-- TASK TO COMPLETE --
What is needed is an exact copy of every line from the one containing "Beukenhof 49, 4841 JZ Prinsenbeek" through the end of the entries; please set it down without any pictures.

-- EXTRACTED RECORDS --
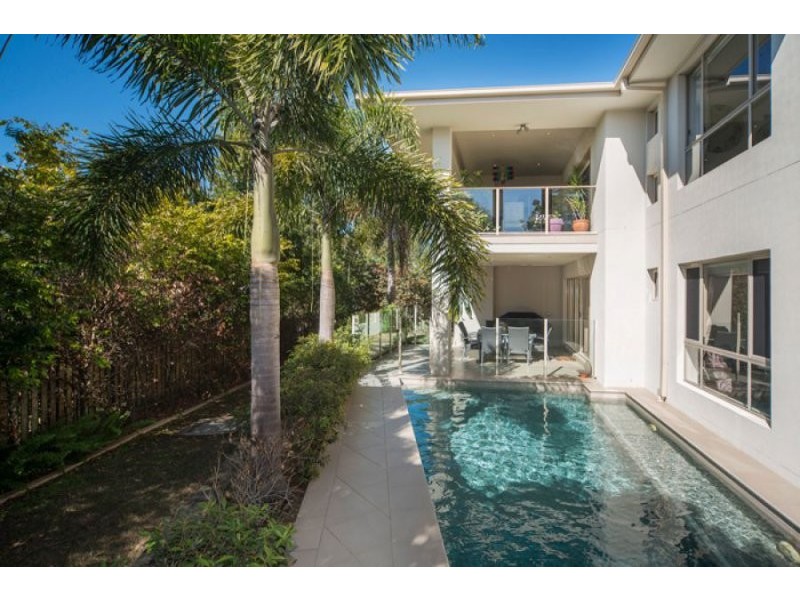 13 Village High Crescent, Coomera Waters QLD 4209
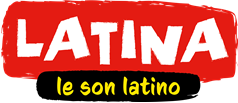  radio numérique FRANCE  Latina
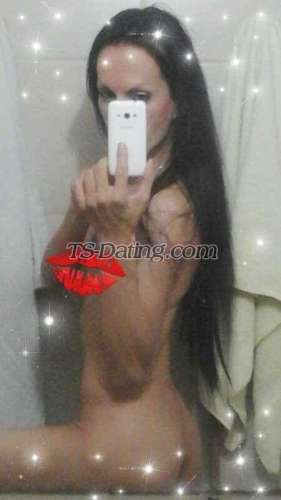 trans girl OralARG 2025922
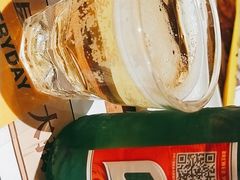 -木屋烧烤(创业店)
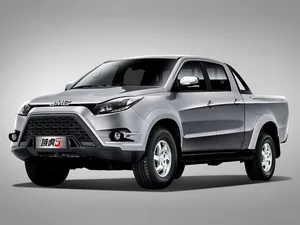 g1 (2018–2021)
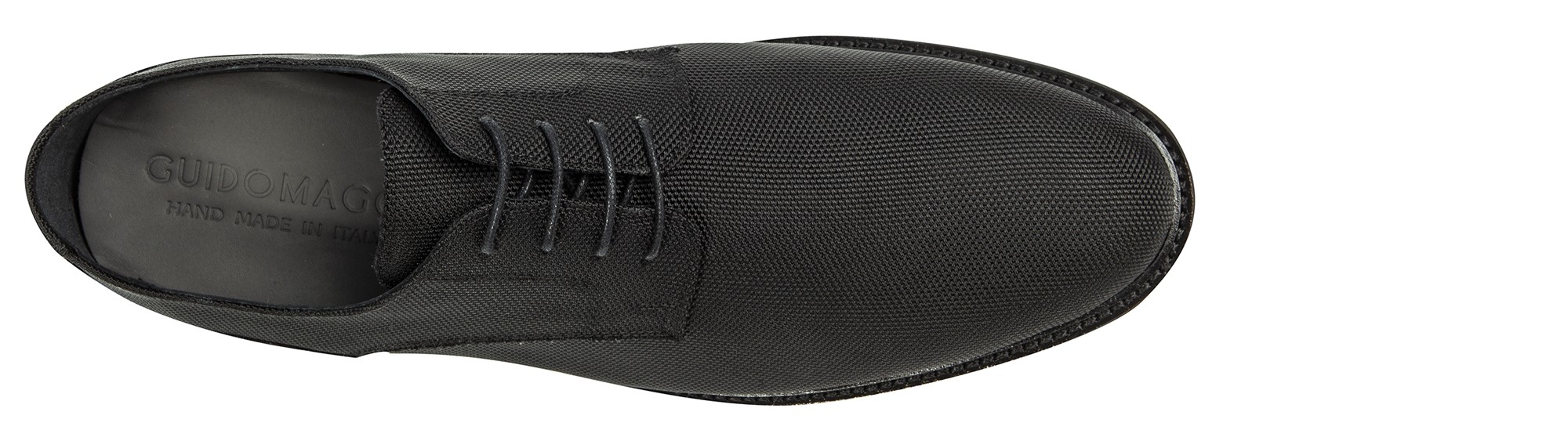 scarpe con rialzo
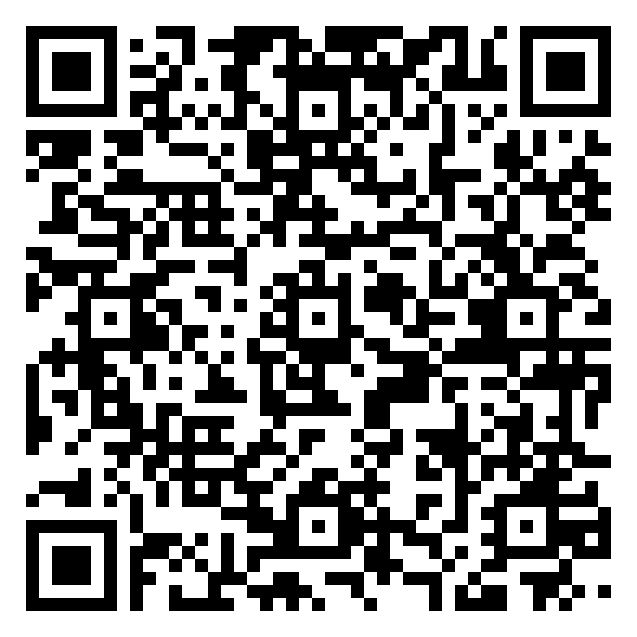 kod QR z danymi kontaktowymi 02151122400000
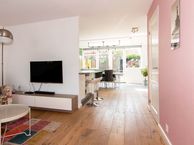 Beukenhof 49, 4841 JZ Prinsenbeek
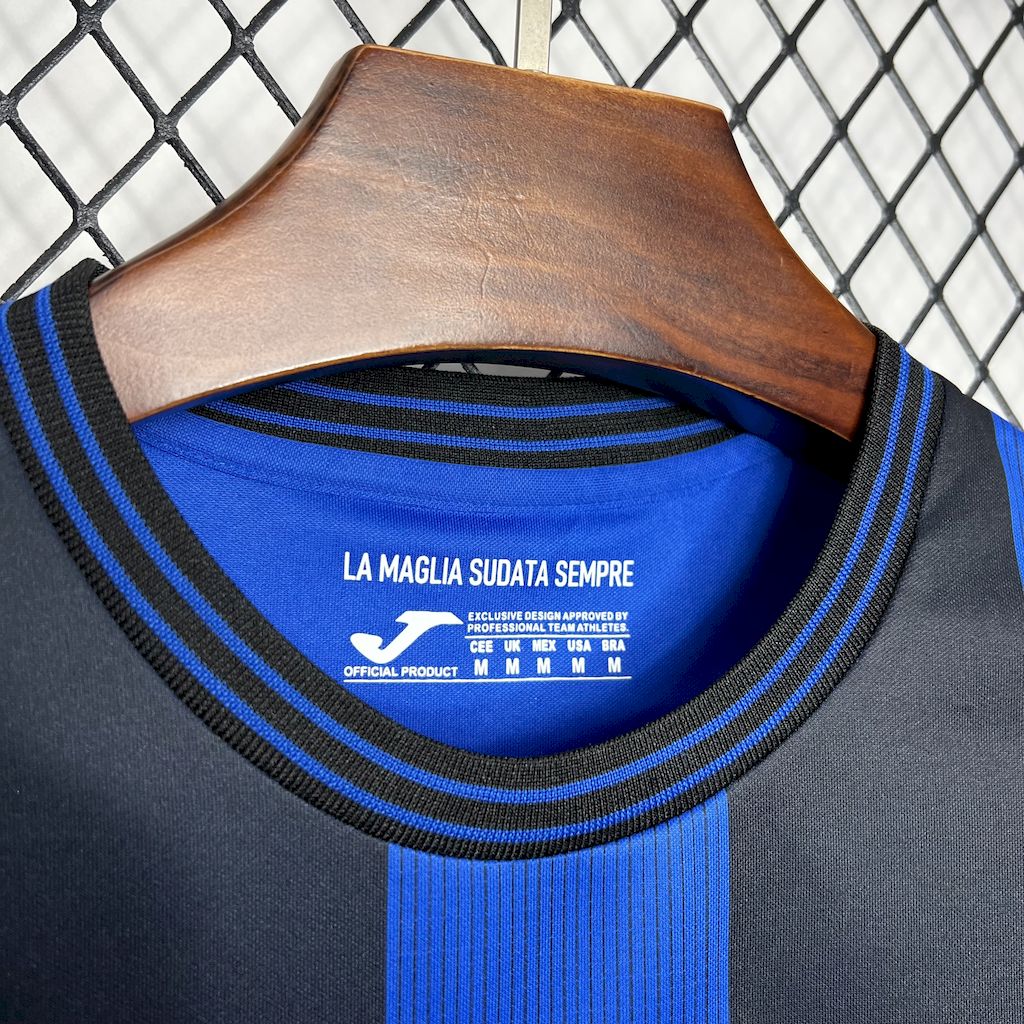 2024082916084251.jpg Mens Atalanta 2024/25 Home Jersey - Image 5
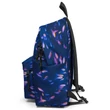 Eastpak X National Geographic Padded Pak R hátizsák Fish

-- EXERCISE RESULT --
 Beukenhof 49, 4841 JZ Prinsenbeek
 2024082916084251.jpg Mens Atalanta 2024/25 Home Jersey - Image 5
 Eastpak X National Geographic Padded Pak R hátizsák Fish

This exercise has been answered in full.